_What you have to do_
What you need to produce from the material below is an exact transcription of the lines from the one with "Giubbotto Imbottito Minecraft" through the one with "Environmentally friendly pulp", both included, and no other line.

_Material provided_

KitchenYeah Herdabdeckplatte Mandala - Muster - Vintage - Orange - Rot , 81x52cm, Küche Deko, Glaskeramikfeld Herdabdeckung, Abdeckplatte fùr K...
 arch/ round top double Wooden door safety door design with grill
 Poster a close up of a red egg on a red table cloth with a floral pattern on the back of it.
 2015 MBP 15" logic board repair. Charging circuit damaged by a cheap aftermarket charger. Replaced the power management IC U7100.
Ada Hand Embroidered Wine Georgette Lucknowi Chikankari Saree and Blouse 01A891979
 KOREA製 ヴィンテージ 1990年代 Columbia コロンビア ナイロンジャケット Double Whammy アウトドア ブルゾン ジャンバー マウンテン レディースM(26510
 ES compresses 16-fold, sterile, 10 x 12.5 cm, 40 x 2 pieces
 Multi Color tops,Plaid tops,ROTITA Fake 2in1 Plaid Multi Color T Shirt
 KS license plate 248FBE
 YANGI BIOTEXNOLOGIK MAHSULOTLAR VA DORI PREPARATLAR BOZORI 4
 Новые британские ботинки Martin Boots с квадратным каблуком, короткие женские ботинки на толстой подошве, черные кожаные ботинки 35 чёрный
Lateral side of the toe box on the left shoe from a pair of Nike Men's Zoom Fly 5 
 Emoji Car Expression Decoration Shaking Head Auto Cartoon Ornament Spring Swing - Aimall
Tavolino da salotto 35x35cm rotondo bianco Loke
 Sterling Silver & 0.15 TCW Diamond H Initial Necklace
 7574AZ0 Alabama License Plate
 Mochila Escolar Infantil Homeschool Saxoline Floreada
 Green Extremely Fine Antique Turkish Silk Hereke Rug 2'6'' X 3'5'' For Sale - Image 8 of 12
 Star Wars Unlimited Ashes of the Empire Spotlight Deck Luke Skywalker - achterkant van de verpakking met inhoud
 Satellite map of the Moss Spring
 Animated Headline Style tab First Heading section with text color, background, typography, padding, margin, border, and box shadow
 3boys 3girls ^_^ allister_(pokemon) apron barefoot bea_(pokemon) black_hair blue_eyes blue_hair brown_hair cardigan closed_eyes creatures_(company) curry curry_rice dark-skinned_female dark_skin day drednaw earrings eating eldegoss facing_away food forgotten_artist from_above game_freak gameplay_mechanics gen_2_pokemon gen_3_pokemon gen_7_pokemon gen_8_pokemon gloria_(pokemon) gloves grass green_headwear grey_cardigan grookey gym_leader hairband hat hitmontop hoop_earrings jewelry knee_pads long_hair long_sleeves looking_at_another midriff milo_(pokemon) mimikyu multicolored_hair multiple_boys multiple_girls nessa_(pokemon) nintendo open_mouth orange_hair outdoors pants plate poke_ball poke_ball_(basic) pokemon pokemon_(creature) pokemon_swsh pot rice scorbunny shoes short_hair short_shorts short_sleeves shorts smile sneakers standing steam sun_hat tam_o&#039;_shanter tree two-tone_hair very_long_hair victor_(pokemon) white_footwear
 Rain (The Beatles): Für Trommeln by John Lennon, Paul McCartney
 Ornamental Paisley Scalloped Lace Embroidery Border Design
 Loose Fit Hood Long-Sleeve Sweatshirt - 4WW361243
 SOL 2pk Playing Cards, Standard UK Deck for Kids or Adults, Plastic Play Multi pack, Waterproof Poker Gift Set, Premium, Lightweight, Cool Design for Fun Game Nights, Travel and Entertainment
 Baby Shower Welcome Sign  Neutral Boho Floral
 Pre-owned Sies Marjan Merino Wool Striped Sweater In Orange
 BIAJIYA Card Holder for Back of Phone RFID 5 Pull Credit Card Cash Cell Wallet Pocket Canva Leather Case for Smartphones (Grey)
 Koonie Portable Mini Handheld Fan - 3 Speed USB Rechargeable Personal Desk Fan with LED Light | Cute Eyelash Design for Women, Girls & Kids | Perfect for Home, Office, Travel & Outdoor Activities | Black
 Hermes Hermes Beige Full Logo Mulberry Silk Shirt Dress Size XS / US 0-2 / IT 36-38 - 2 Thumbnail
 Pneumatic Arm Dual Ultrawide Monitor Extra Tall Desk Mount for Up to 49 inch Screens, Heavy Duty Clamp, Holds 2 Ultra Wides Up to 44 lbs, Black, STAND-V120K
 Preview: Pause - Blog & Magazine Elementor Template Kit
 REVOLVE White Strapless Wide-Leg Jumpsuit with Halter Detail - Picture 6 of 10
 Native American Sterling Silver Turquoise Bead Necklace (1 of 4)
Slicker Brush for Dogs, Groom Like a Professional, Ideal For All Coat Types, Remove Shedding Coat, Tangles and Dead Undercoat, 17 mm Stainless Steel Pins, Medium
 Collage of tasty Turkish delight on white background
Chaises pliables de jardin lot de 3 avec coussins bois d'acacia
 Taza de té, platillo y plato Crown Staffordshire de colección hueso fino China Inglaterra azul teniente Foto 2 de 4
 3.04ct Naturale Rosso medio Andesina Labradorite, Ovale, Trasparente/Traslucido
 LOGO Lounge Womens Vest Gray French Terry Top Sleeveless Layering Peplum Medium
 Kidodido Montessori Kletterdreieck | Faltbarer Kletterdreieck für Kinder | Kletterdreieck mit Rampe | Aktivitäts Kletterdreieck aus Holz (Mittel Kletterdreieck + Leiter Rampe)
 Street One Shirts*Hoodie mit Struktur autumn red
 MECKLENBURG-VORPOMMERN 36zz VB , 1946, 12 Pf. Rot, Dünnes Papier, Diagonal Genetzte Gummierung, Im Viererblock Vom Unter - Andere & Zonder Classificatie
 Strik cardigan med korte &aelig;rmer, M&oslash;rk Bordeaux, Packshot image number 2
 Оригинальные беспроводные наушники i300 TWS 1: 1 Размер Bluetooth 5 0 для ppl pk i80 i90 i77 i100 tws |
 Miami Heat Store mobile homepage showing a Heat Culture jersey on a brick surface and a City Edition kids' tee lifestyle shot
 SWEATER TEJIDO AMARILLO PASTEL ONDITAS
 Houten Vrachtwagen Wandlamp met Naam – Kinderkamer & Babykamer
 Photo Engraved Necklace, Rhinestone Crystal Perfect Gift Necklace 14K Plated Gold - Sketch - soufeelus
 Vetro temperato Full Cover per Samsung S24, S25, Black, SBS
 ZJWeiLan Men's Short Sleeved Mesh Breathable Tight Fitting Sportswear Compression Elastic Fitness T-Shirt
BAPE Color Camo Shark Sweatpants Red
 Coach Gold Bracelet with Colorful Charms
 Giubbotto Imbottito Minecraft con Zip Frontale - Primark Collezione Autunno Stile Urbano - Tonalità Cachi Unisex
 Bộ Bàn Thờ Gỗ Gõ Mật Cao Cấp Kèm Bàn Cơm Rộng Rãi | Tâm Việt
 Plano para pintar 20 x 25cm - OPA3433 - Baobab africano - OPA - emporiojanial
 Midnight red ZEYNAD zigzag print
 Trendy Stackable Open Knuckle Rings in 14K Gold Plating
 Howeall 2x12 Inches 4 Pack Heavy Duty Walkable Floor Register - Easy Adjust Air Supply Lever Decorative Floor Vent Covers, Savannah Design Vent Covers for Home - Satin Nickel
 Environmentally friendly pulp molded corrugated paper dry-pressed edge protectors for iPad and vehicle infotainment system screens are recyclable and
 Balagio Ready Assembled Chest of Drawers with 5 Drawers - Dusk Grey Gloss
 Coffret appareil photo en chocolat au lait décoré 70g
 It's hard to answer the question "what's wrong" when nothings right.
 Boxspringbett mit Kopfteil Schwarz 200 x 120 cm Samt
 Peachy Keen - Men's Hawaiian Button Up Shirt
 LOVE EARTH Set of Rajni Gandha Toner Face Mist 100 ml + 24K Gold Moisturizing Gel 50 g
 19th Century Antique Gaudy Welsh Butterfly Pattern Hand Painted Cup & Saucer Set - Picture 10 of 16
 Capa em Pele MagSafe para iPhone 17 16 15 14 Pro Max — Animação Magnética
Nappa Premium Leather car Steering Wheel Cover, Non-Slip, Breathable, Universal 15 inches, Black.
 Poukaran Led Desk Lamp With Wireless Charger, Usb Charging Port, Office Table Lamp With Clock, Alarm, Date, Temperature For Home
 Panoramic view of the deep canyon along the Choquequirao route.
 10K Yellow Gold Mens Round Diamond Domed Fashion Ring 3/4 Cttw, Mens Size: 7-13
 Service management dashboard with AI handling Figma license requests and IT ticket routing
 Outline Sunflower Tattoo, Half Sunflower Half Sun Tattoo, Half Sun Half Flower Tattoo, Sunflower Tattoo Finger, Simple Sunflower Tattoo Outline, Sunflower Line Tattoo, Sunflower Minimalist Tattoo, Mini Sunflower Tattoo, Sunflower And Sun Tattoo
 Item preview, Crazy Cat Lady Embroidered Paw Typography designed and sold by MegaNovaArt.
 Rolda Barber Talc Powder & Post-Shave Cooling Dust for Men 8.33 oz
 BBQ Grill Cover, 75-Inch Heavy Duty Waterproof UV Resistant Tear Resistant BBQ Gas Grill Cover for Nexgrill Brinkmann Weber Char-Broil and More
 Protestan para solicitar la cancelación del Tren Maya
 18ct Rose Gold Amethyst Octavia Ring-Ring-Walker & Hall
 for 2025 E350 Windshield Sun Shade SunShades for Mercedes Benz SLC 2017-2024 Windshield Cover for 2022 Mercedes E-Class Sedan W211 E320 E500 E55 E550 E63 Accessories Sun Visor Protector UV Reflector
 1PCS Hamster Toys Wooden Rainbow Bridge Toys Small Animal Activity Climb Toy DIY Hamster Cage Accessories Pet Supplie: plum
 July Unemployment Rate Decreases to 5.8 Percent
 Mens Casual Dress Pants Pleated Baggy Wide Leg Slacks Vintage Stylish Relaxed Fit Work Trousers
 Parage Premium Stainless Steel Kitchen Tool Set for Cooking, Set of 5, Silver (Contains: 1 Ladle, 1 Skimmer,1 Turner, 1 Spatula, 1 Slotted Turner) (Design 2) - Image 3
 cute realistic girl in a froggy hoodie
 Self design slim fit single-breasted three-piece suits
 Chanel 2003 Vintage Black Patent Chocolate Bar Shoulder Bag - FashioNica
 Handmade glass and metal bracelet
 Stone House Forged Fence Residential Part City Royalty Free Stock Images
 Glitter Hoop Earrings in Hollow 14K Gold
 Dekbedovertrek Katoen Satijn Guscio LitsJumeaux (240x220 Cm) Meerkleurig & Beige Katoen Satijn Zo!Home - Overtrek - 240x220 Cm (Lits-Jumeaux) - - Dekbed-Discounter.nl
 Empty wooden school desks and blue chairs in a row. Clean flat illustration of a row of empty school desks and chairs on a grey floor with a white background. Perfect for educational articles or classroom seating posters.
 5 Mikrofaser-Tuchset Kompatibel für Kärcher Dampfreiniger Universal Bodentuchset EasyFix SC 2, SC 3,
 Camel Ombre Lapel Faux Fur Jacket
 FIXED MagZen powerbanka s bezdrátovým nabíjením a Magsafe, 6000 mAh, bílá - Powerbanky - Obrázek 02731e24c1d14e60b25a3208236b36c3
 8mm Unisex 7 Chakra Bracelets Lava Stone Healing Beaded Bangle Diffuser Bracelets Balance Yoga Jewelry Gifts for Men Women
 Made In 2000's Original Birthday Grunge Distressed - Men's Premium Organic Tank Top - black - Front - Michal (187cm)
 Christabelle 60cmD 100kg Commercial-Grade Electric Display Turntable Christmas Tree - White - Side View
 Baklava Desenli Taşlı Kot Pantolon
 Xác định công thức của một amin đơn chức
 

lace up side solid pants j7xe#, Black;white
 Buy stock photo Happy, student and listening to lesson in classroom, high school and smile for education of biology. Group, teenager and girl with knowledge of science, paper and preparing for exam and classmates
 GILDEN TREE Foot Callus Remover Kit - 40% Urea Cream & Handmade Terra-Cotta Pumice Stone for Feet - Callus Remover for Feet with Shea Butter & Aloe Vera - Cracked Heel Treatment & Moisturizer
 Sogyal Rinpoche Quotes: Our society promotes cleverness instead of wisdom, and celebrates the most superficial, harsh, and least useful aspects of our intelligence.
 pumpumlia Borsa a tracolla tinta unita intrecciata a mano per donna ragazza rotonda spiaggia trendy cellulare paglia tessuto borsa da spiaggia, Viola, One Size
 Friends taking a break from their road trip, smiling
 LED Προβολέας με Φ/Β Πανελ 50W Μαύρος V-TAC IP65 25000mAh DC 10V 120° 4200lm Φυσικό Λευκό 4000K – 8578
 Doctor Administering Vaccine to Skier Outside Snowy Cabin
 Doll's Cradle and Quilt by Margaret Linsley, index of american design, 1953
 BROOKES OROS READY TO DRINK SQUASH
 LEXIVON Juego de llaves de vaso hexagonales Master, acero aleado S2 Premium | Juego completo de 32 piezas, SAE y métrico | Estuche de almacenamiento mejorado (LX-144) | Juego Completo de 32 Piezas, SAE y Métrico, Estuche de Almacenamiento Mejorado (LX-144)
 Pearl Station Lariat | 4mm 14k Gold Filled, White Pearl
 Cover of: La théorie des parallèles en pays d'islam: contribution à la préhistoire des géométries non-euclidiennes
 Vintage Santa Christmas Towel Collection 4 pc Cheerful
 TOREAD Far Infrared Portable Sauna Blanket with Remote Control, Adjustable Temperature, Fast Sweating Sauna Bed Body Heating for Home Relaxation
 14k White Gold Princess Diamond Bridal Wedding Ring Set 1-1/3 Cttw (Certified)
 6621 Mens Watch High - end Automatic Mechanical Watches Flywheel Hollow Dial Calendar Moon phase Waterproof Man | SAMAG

_Finished task_
 Giubbotto Imbottito Minecraft con Zip Frontale - Primark Collezione Autunno Stile Urbano - Tonalità Cachi Unisex
 Bộ Bàn Thờ Gỗ Gõ Mật Cao Cấp Kèm Bàn Cơm Rộng Rãi | Tâm Việt
 Plano para pintar 20 x 25cm - OPA3433 - Baobab africano - OPA - emporiojanial
 Midnight red ZEYNAD zigzag print
 Trendy Stackable Open Knuckle Rings in 14K Gold Plating
 Howeall 2x12 Inches 4 Pack Heavy Duty Walkable Floor Register - Easy Adjust Air Supply Lever Decorative Floor Vent Covers, Savannah Design Vent Covers for Home - Satin Nickel
 Environmentally friendly pulp molded corrugated paper dry-pressed edge protectors for iPad and vehicle infotainment system screens are recyclable and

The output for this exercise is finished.